A mixture of several chemicals and believed to be concocted in small laboratories, mephedrone resembles cocaine but is much cheaper, selling for as little as Rs 150 per gram. The most easily available drug in the city, partly because of its low price, it is the single biggest challenge for the Mumbai Anti Narcotics Cell.
Mumbai’s other known drug lords
* Kamli, 40, was part of a large group that peddled brown sugar in Ballard Estate in South Mumbai in the 1990s. She eluded the police easily, slipping away into the slum’s narrow lanes. After she died of unknown causes in the late 1990s, her daughter allegedly took over the reins
* Papamani Iyengar was active for several years in the slums of Mumbai’s eastern suburbs. She slept in a different slum each night and managed to escape police till she operated. She is believed to have moved to Tamil Nadu in 1999
* In the 1990s, Bakul Shah was said to have been a prominent peddler of methaqualone (brand name Quaalude in the US and Mandrax in the UK). He allegedly procured the drug from factories in Pune and distributed it widely in Mumbai, apart from exporting overseas. He was convicted in the mid-1990s.

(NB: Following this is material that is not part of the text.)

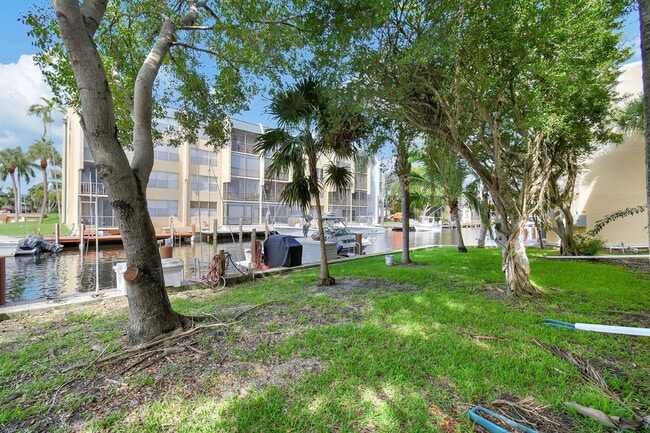 Building Photo - 777 S Federal Hwy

* The strapping Noor Mohammad Pathan alias Nari Khan was the most prominent peddler of brown sugar in Mumbai in the 1990s. An Afghan who moved to India, Pathan was arrested at least seven times, including once with 452 kg of brown sugar. He once escaped from police custody in Mumbai and managed to secure bail from the Supreme Court. He was killed in a police encounter in Vikhroli in 1996.